El cafetón

La bronca a cuenta del café para llevar en la demarcación autonómica contiene un cierto retrato social. En realidad, todo el pifostio hiperventilado por la hostelería cerrada, como si muchos otros gremios no las estuvieran pasando igual de canutas, es una exhibición impúdica de nuestras pequeñas miserias. A buenas horas íbamos a montar una llantina semejante por las bibliotecas, los cines o los teatros. Pero es que lo del trajín de los vasos de parafina con tapa de plástico —un saludo, Greta Thunberg— es directamente para hacérnoslo mirar. Y empezaré por lo último: cuando las autoridades rectifican y permiten que el preciado líquido marrón se despache sin necesidad de compañía sólida, varios de los mismos tasqueros que echaron las muelas por la medida desprecian el recule del gobierno tachándolo de parche inútil. ¿En qué quedamos?

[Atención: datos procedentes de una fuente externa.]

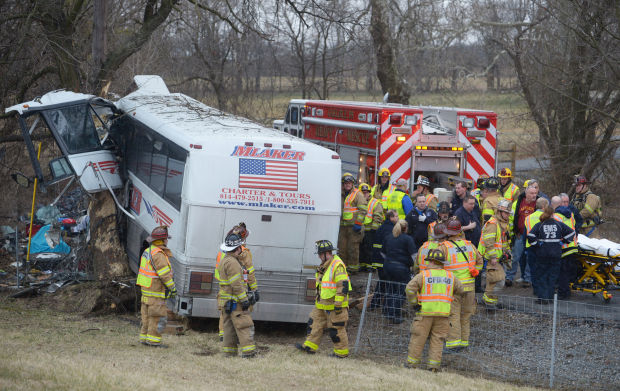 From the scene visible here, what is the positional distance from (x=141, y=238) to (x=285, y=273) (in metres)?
3.70

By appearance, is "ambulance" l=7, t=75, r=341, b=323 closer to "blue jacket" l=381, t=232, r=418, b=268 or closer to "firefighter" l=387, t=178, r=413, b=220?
"blue jacket" l=381, t=232, r=418, b=268

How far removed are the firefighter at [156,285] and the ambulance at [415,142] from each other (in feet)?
22.1

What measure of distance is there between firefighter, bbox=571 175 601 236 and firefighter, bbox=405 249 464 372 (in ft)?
17.4

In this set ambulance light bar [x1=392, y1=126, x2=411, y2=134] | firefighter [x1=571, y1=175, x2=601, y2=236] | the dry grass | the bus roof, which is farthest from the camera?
ambulance light bar [x1=392, y1=126, x2=411, y2=134]

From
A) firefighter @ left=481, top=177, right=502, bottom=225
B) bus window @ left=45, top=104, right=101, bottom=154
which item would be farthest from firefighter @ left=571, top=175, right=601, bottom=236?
bus window @ left=45, top=104, right=101, bottom=154

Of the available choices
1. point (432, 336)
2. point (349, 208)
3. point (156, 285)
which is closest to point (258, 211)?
point (156, 285)

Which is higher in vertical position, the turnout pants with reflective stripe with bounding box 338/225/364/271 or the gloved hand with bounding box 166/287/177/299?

Claro que eso es una nimiedad al lado del espectáculo bochornoso al que hemos asistido en los últimos días. Ni alguien que confía tan poco en la condición humana como servidor imaginaba que vería hordas de individuos haciendo cola para agenciarse un café, apiñándose en bancos públicos, escaleras o muretes para tomárselo y, finalmente, abandonando el envase vacío a la buena de Dios o en una papelera a rebosar. Decimos del botellón, pero el cafetón tiene también lo suyo.

Simón siempre se libra

Voy para muy viejo. Veo al bienamado Fernando Simón diciendo que es funcionario público y que no piensa bajarse del barco antes de tiempo y recuerdo a Felipito Tacatún (Joe Rigoli) proclamando en su rancio pero siempre vigente gag: “¡Yo sigo!”. Qué persona, el aragonés que hace gala de los estereotipos de su tierra. Cuando pase todo esto, Dios o Belcebú quieran que pronto, alguien debería dedicar una tesis doctoral o, como poco, un trabajo de fin de grado a la adherencia inquebrantable del gachó. Y, claro, a la fascinación absolutamente acrítica que despierta entre las entregadas masas.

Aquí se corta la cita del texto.